|Sorrel before the hens were let out|
Chicken scratching is a mixed bag. Those strong legs and toenails till the soil. They unearth bugs, worms, and grubs. They remove weeds and keeps the tiniest of sprouts from growing. They rip the top off of tender perennial shoots that are brave enough to press their faces toward the sky and push at this time of year. Herein lies the rub.

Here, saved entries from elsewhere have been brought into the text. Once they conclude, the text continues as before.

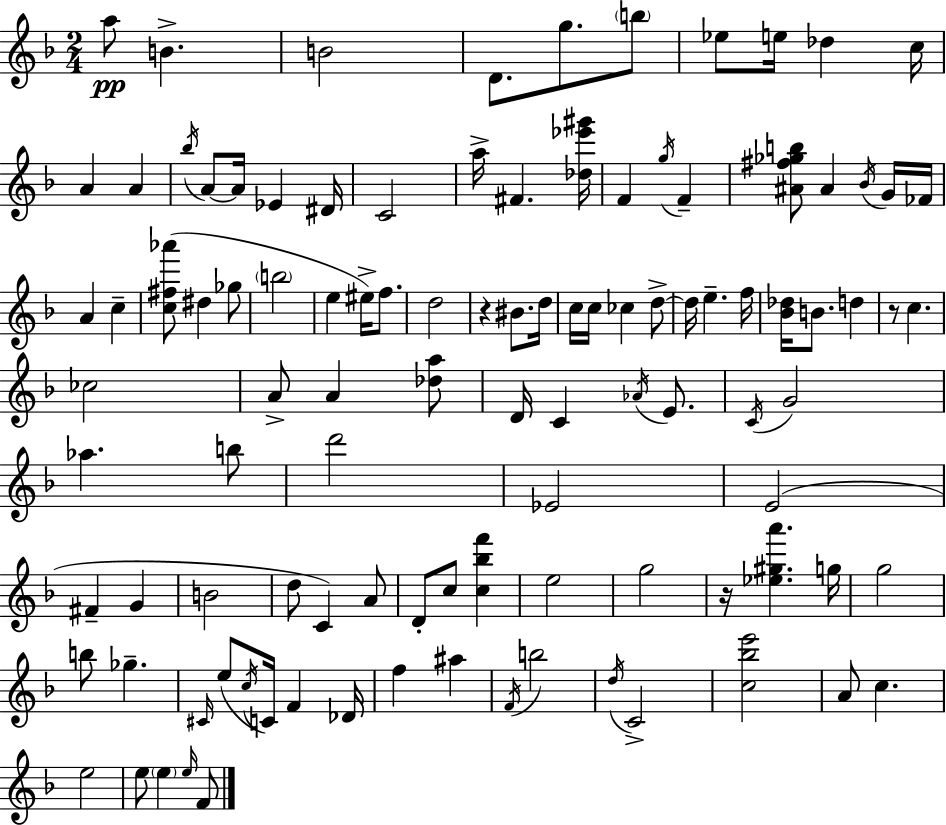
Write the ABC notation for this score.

X:1
T:Untitled
M:2/4
L:1/4
K:Dm
a/2 B B2 D/2 g/2 b/2 _e/2 e/4 _d c/4 A A _b/4 A/2 A/4 _E ^D/4 C2 a/4 ^F [_d_e'^g']/4 F g/4 F [^A^f_gb]/2 ^A _B/4 G/4 _F/4 A c [c^f_a']/2 ^d _g/2 b2 e ^e/4 f/2 d2 z ^B/2 d/4 c/4 c/4 _c d/2 d/4 e f/4 [_B_d]/4 B/2 d z/2 c _c2 A/2 A [_da]/2 D/4 C _A/4 E/2 C/4 G2 _a b/2 d'2 _E2 E2 ^F G B2 d/2 C A/2 D/2 c/2 [c_bf'] e2 g2 z/4 [_e^ga'] g/4 g2 b/2 _g ^C/4 e/2 c/4 C/4 F _D/4 f ^a F/4 b2 d/4 C2 [c_be']2 A/2 c e2 e/2 e e/4 F/2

|Ten minutes after the hens were out: I am not making this up.|
Not the rhubarb, nor the delphiniums, nor the peonies, nor the hardy geraniums, nor the sorrel appreciate this treatment. Animal training isn't my current strong point, so there's little hope for getting the girls to carefully tend just around the edges of my favorites leaving the plant itself alone. I'm certain that the scratch impulse does not come anywhere close to what might be called a chicken brain.*
|Very vulnerable Delphinium shoots|
But GardenGateNotes.com had a fabulous solution just waiting for me. Make a little cage from flexible branches/long twig prunings. Of course, the materials are just hanging out in my yard waiting my awareness. We have red-twig dogwood that does best with a severe pruning every year. The "chop us to the ground" task has been begging me to be on the Things I get to do today show for several months.
Mean while, Katy, Nora, Lena, Latifah, and Nina were all very sweetly asking for a romp in the yard this afternoon. I'm seeing all the fresh beginnings in shards about the yard if I comply. That is until I recalled the tip from Garden Gate.
Clippers in hand, a few minutes with the dogwood, more clipping to length and to remove side twigs and I'm ready to go. The hens visited along side while I fiddled and wove the twigs together. I win!
*There is some one-sided debate in our house over whether or not such an organ does, in deed, exist.